When I recommend a movie to anyone it’s pretty normal for me to be slightly worried throughout the movie that they won’t like it. I had this exact feeling when Rachel came to Vietnam even though I’m fully aware I’m not responsible for anyone’s opinion of a whole country.
A back story on our friendship: Rachel and I met at Hyde School where we both dipped our toes in the education field as academic support teachers. Students would constantly confuse the two of us. For Hyde people who read this, Andre Allen came back the year after he graduated/ after Rachel had moved on from Hyde and said “Hey Ms. Morse!” I probably did a palm to living face thing and said, “She doesn’t even work here anymore”. Apparently that’s our Hyde faculty legacy. “Is that Ms. Morse or Ms. Hess? I forget.” Not a whole lot has changed as throughout our time together in Vietnam we got a few “is that your sister” comments via social media and mutually agreed to take it as a compliment.
Overall, I had a lot fun sharing Vietnam with Rachel (because Vietnam is mine to share). It was a bizarre feeling to have someone I know from home in Vietnam. I shared the experiences of crossing the busy streets, riding on motorbikes, taking public transportation as the only foreigners, and navigating the food scene. All of these things can be challenging for me even after being in the country for three months and I felt a little responsible to have all the answers. Rachel quickly found I did not but was kind enough to be easy going and flexible.
Rachel used Hanoi and my apartment as home base as she came and went from trips around northern Vietnam. It was lovely to have company but also a bit of an adjustment because it had been a while since I shared my personal space with someone. At the end of her trip, we reflected that we were able to find a nice balance of co-habitation, not something I typically consider as a strong suit of mine.

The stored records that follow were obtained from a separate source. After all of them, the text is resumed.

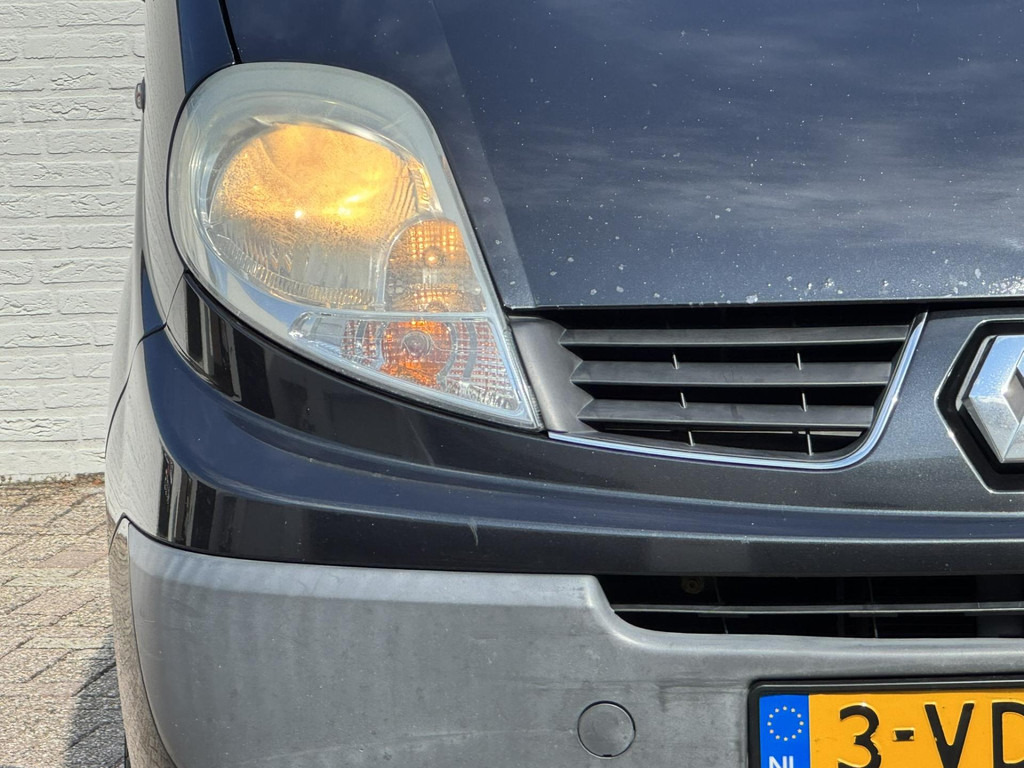 Furgoneta pequeña Renault Trafic-2.0 dCi T27 L1H1Navigatie Bleutooth Airco Elektrische ramen: foto 16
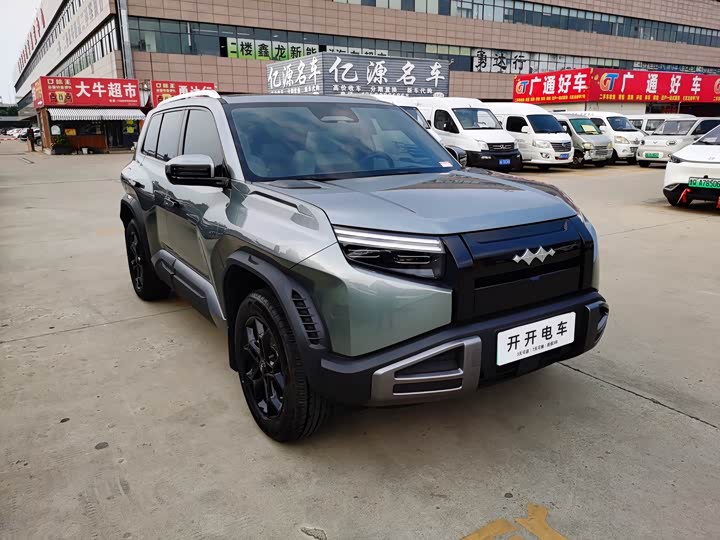BYD FangChengBao Titanium 3 (Tai 3), 2025 — фото 3 из 9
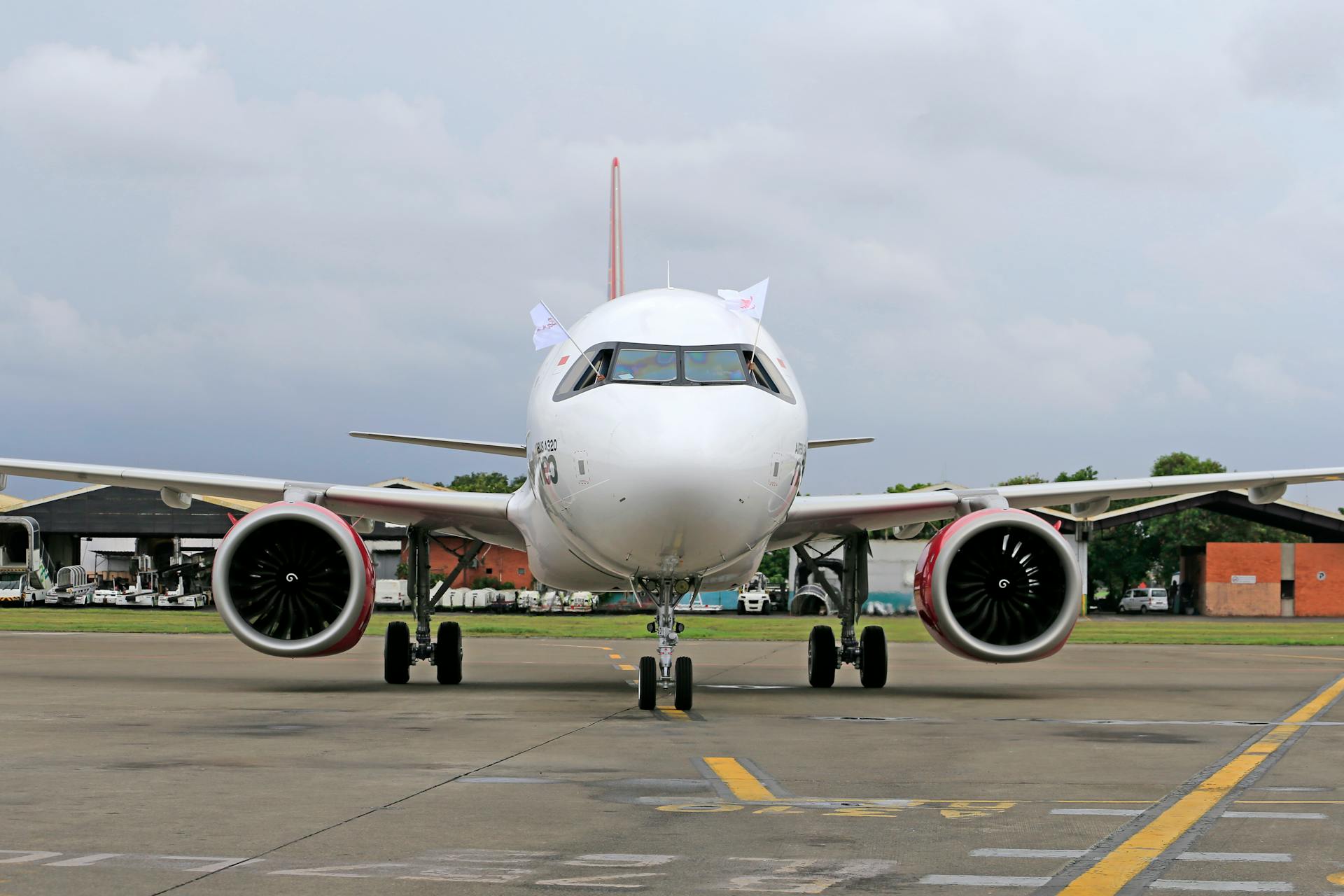 Vista frontal de un avión | Fuente: Pexels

My apartment was tested on its suitability for foreign guests and I would not say it passed with flying colors. Some challenges I knew to anticipate, like the fact that I only have one key and you need my fingerprint to enter the building when the door man isn’t there. And, my mattress is basically a floorboard. I gave Rachel this description as a heads up and it still took her by surprise. Other unknown challenges arose, like the hot water doesn’t last very long and that can be traumatizing when the outside temperatures drop. Rachel was a trooper; she avoided the shower when she could, suffered through hunger while I taught in the evenings, and never complained about the firm mattress (although did suggest getting a mattress pad).
On Rachel’s last weekend in the country we went on an adventure to Ha Long Bay. After three months of traveling solo it was a treat to have her plan the trip. We cruised through a weekend full of beautiful views and chatty tour guides. We shared bottles of red wine and two person kayaks. We swapped stories with people from across the world and didn’t shy away from taking silly pictures. It was so great to have someone to share this experience with and I’m glad Rachel convinced me to skip class for it.
After that memorable weekend, it was time for Rachel to depart for home. Historically, I’m terrible at goodbyes. I prefer to be the one leaving and would rather sneak out the door at a party, or avoid hugging at family gatherings, or say to a friend, “I’ll just see you later!”. Having Rachel leave was hard, and not just because I hate saying goodbye. I had a month of excitement and familiar company. Rachel leaving meant that I had to get back to sorting out my life on my own. But the airport bus came, Rachel hopped on, and I headed to my neighborhood pho stop to get dinner alone once again.